• [Work item]: A partial copy is required: transcribe exactly the lines from the one containing "Yılın düğünü Çorum'da: Sinan" through the last line below, without any pictures.

• [Data excerpt]:

++++++

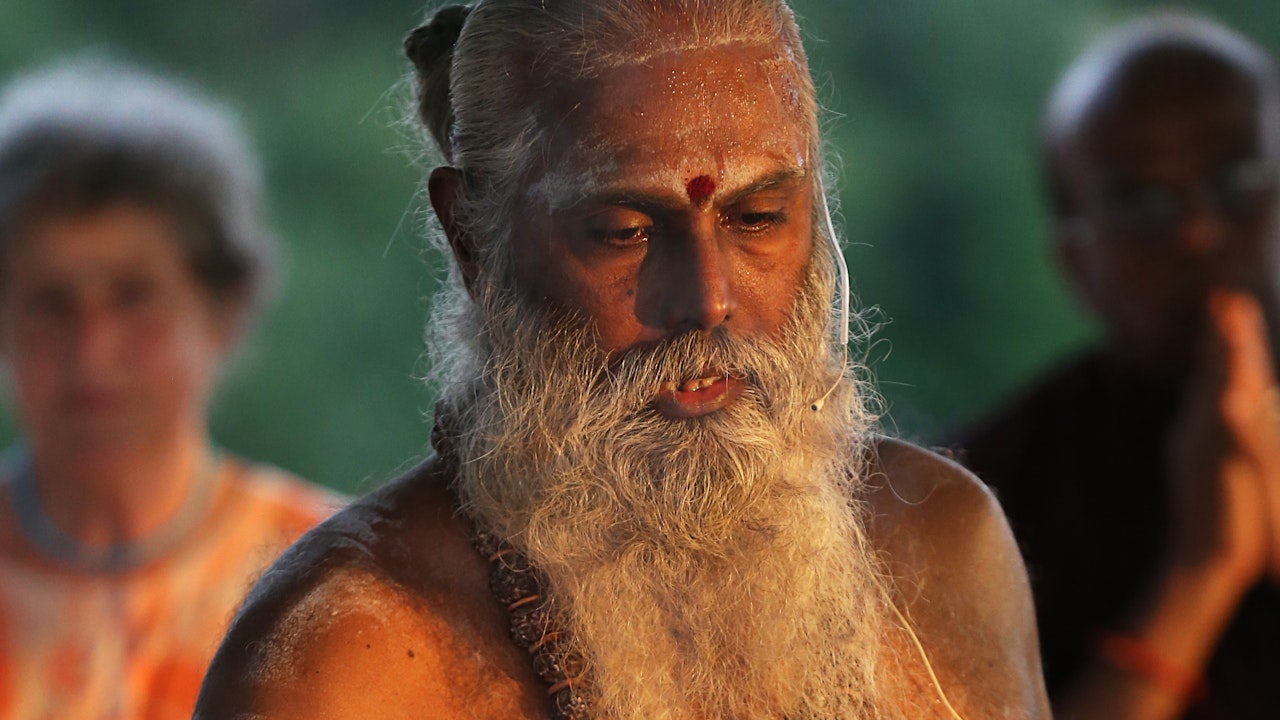 Swami Marudachalam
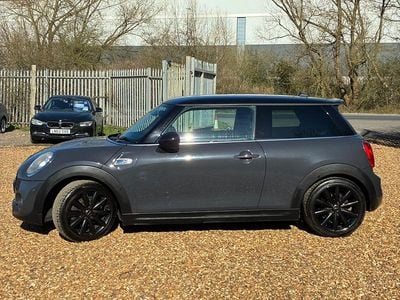 Used Mini Cooper SD Hatch 170 HP (125 kW) 2014 Grey Hatchback
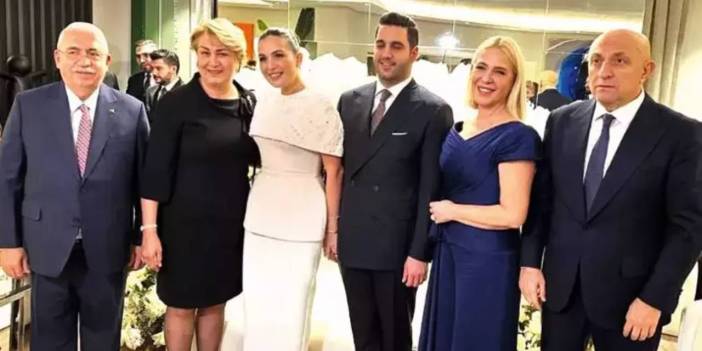 Yılın düğünü Çorum'da: Sinan Engin'in milyarder damadı, Sibel Can detayı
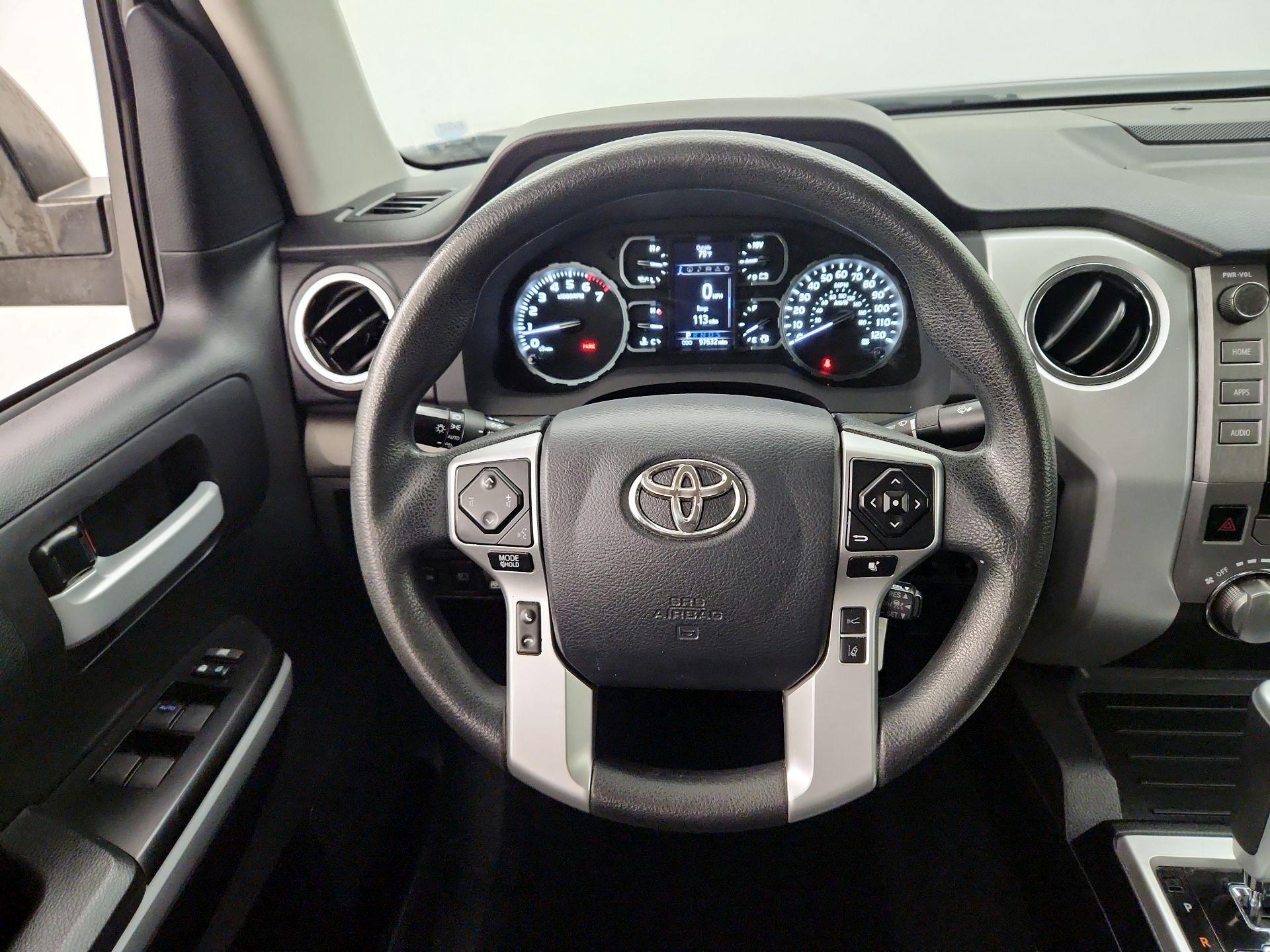 Thumbnail: 2018 Toyota Tundra - 10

++++++

• [Answer for the task]:
 Yılın düğünü Çorum'da: Sinan Engin'in milyarder damadı, Sibel Can detayı
 Thumbnail: 2018 Toyota Tundra - 10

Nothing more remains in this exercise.